Your assignment: Please restate word for word the lines of the entries below from the one with "Logo of Cofincafe" to the one with "468688065 915752294021297 948391956154971214", inclusive, and leave out every picture.

Records provided:

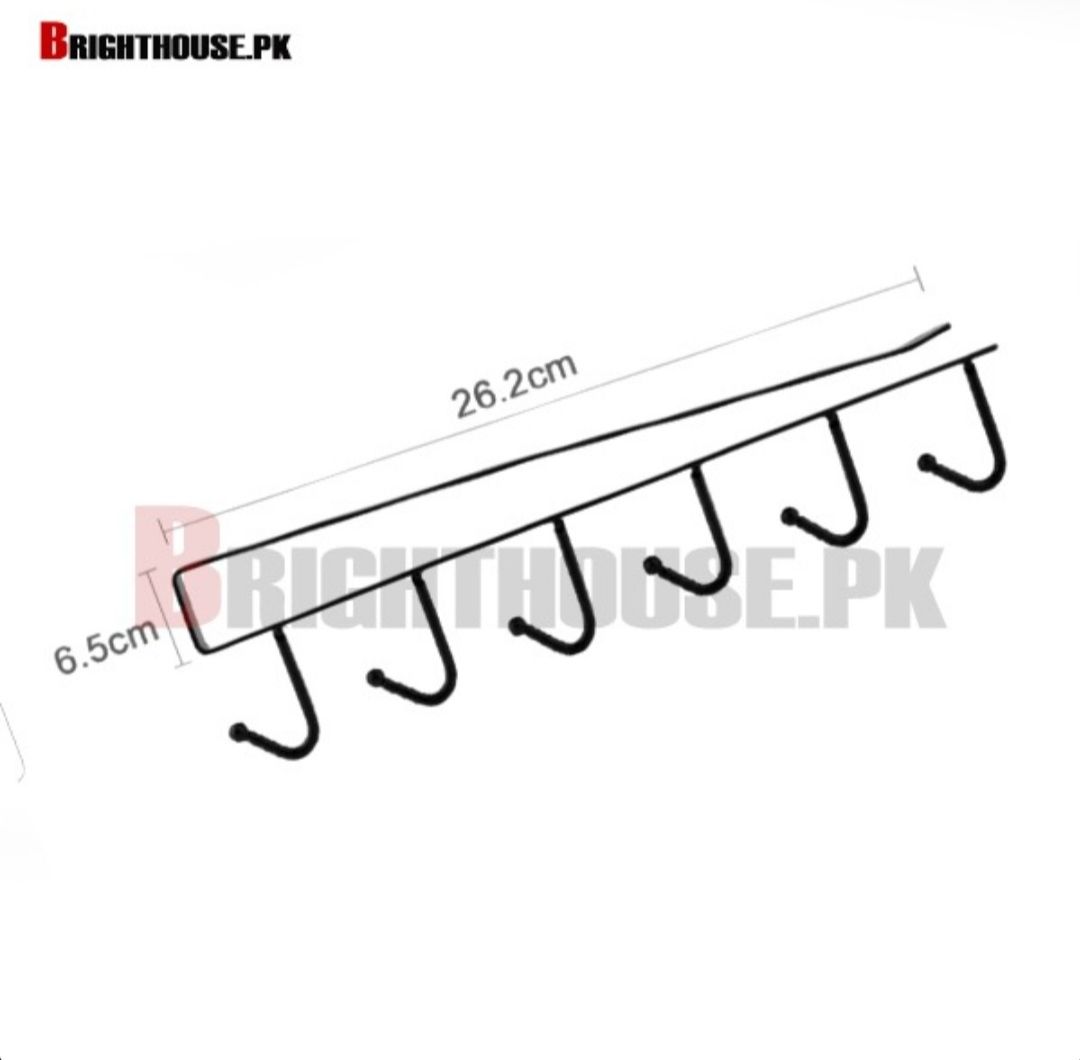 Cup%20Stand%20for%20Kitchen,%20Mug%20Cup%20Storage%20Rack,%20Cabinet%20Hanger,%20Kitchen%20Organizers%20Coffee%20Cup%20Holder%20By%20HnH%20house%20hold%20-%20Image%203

* * *

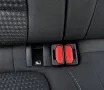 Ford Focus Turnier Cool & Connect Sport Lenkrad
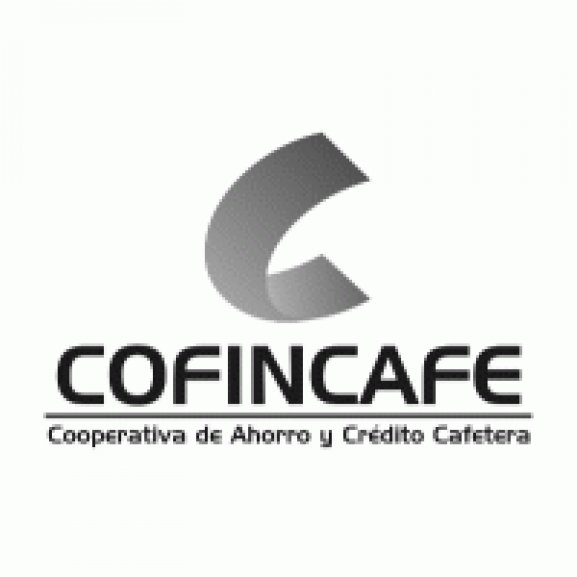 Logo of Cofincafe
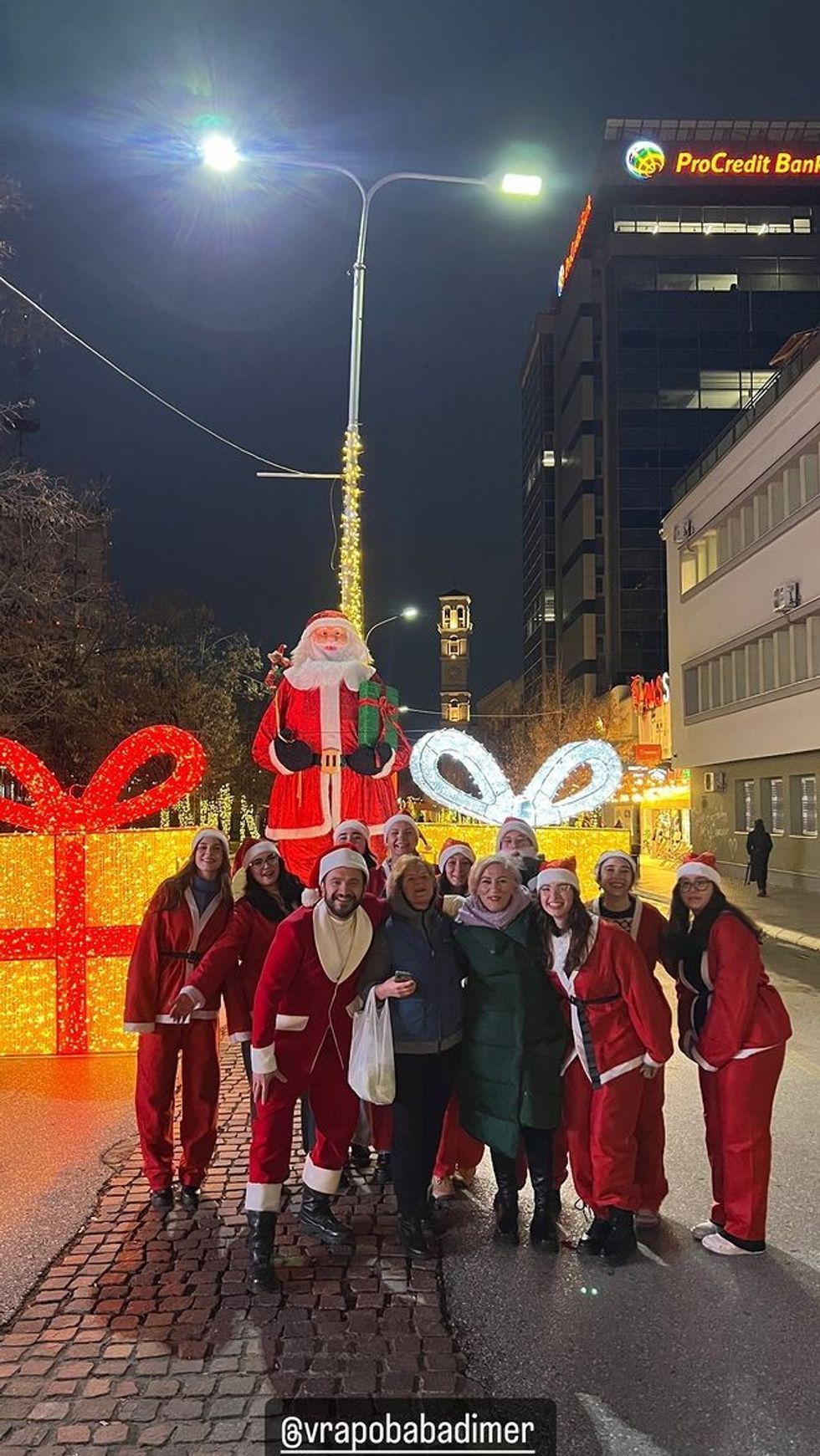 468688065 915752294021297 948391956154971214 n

Exercise result:
 Logo of Cofincafe
 468688065 915752294021297 948391956154971214 n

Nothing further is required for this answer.